【利用者さんの新たな一面に気づくこと】

 なにわの里では毎年実践事例報告会というものを開催しています。その年に行った支援数例について、ご家族や地域の方々、また同じ対人援助職の方々などにお伝えする…というものです。 
 コロナ禍に入るまでは、近隣の図書館の会場をお借りして実施していました。2020年2月は直前に中止となり、この2年はオンラインで配信をしています。僕が撮影と動画編集を担当しているのですが、撮影をしながらたくさんの学びを頂いています。コロナ禍で外出や帰宅がなくなり、日常の楽しみを作るためにご本人の好きなお菓子を選んでもらい、それを買いに行く…という取り組みを発表して下さったスタッフがいました。

 利用者Aさんが理解しやすいように写真入りの選択用ボードを用意し、選んでもらっていたのですが、毎回違うものを選ぶことにスタッフは気づきました。「Aさんは、何のお菓子が好きなの?」と尋ねると「チョコレート」ということでした。「次は何にする?」については「ゼリー」という答えが返ってきたそうです。
 これまでの関わりの中では、Aさんはその都度違うものを選ぶというよりは、自分の好きなものを選び続けるような印象があったそうです。また、買ったお菓子をスタッフに分けてくれるようなときもあった、ということでした。

 経験を積むとどうしても利用者さんの行動を予測できてしまったり、行動の理由にある程度察しがつくようなことがあるかと思います。それはそれで利用者さんと関係を深める上で必要なことかもしれませんが、その「予測」や「察し」が絶対的なものだと思い込んでしまうと、援助者側の意図を押し付けるようなことにつながるかもしれません。それを防ぐためには、こういった新たな取り組みの中で「利用者さんの新たな一面を知る」ということが大切なのではないか、と今回の発表を聞きながら学ばせて頂きました。

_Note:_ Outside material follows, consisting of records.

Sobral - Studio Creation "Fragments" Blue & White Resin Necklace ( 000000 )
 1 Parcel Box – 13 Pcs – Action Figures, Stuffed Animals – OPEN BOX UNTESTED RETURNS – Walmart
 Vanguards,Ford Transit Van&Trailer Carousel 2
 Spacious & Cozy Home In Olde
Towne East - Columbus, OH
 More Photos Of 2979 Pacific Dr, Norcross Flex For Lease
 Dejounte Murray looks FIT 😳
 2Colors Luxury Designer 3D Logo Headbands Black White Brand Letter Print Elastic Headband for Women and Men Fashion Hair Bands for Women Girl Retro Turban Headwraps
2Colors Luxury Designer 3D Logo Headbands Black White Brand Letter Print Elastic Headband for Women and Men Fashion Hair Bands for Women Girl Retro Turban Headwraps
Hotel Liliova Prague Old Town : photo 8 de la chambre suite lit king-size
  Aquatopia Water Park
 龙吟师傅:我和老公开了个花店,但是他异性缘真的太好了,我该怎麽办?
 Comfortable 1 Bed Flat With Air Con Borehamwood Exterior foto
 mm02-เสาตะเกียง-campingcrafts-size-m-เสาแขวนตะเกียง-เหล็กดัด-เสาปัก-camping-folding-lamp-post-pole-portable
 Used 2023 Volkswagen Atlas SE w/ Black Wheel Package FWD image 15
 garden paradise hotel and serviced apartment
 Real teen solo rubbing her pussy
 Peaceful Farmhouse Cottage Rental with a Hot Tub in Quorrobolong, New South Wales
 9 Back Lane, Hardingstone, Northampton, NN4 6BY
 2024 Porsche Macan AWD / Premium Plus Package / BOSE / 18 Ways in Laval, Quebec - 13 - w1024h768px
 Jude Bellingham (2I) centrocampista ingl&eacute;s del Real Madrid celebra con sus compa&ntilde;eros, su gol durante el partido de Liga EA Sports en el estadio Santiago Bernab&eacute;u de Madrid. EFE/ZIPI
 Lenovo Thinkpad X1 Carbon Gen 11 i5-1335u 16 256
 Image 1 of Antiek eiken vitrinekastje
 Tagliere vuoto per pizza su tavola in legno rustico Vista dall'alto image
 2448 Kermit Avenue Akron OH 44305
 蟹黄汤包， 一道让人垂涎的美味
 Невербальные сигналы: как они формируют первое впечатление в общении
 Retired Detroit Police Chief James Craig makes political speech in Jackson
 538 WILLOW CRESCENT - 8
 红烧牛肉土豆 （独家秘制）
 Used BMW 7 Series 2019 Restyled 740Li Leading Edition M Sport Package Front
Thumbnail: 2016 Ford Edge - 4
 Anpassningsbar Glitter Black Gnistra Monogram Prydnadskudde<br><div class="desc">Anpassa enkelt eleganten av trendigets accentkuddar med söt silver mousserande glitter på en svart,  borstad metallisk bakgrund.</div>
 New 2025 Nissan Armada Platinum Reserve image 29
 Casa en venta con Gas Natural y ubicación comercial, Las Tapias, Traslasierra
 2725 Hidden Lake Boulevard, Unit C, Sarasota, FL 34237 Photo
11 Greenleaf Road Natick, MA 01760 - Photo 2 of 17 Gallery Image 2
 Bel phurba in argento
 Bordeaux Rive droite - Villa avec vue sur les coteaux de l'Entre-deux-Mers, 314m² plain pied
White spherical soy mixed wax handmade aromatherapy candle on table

 多忙な日常の中では、どうしても効率よく業務をこなさなければならない気持ちになりがちです(自分も大いに当てはまります…)。だからこそ、日常と少し離れた「新しい取り組み」が大切なのだろう、と思います。新たな取り組みの中で利用者さんの新たな一面を知り、援助関係が変化していく中で援助者自身も変化する、利用者さんを捉える視点も変化していく、それが利用者さんの変化にもつながっていく…というような循環的な関係があるのではないかと思いますし、そういったものを感じ取れることが大切なのではないか、と感じます。事例発表や事例集といった取り組みは、それを感じるためのひとつの取り組みなのだろうな、と考えています。